Idealistic, sentimental, expertly paced and perfectly cast, this was a breath of fresh air in a medium that has a lot of great shows to compete, and it popped its head up above that crowded field and grabbed all of our attention.
This effort from Netflix and the Duffer brothers was a series that spoke to all ages, a cinematic adventure that had heart, horror and the right amount of humor as we fell in love with a new crop of child actors who each brought their A-game to the show.
Specifically, Millie Bobby Brown as Eleven, Finn Wolfhard, Caleb McLaughlin, Gaten Matarazzo, and the older actors Natalia Dyer and Charlie Heaton.
Bravo to all who dreamt this one up and made it a reality. Stranger Things Season 2 is coming in 2017. – AN
Runner Up: Black Mirror (Netflix)
Best New Comedy (three-way tie): Atlanta (FX) Baskets (FX) and Better Things (FX)
TV’s most fascinating comedic trio was found in Atlanta, with struggling rapper Paper Boi (Brian Tyree Henry), his even worse off manager Earn (Donald Glover) and their aloof friend Darius (Keith Stanfield).
One of the best episodes of television this year was its seventh episode, titled “B.A.N.” which tackled a lot of racial issues and the overtly political correct world and its trappings through Charlie Rose/BET mashup show called Montague, in which Paper Boi must answer for insensitive twitter remarks about not wanting to have sex with Caitlyn Jenner.
On the panel with him is Dr. Debra Holt, head of the Center for Trans Issues. It’s an episode not to be missed, not only for what the show-within-the-show explores but also the mock commercials and cartoons that “sponsor” Montague.
There’s also some terrific dramatic performances by Earn’s girlfriend Van (Zazie Beetz) as she fights to keep her head up when meeting up an old friend and dealing with the painful ramifications of smoking a joint.
Atlanta kept you on your toes week-to-week, never dealing the same hand two weeks in a row. It was a deafening blast of originality, inspiration, and spark in ways that TV needed the most. – EE
Pamela Adlon’s character Sam is trying to do it all — raise kids, take care of mum and earn a living while holding on to her sexuality and preserving her sanity. It’s not easy as she is the only one in the house with the shoulders to carry all the responsibility and financial burdens.
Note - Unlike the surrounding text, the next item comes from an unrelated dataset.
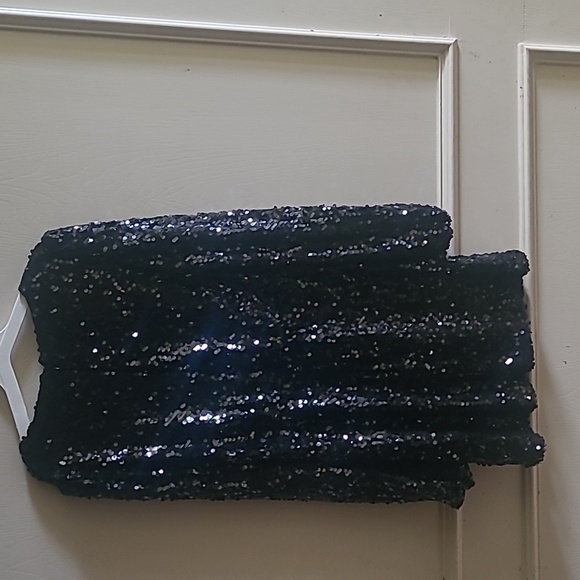 NEW Wayf Carrie Sequined Mini Dress, Black, Sz M - Picture 4 of 6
What resonates are the relationships played out by Pamela’s Sam and her middle child, rising star Frankie, Hannah Alligood and also with her mother, Celia Imrie (Phyllis) which are perfectly wrought. Bonus points for working Lenny Kravitz (Mel Trueblood) in as a guest star; he was great.
The guest stars are superb, from the opener with Constance Zimmer sitting at an audition with Sam commiserating as the role they read for goes to an inappropriate choice 20 years their junior, to Kravitz presented as a possible love interest for Sam while her mother delivers the most awkward dinner time chat ever.
The show also has a child who has gender identity issues presented in a tasteful and profoundly sweet way with middle child Frankie played by standout child actor Hannah Alligood. This realization for Sam was where the season ended, as she contemplates how to not feel like a failure as a mother and support everyone around her the best way she can.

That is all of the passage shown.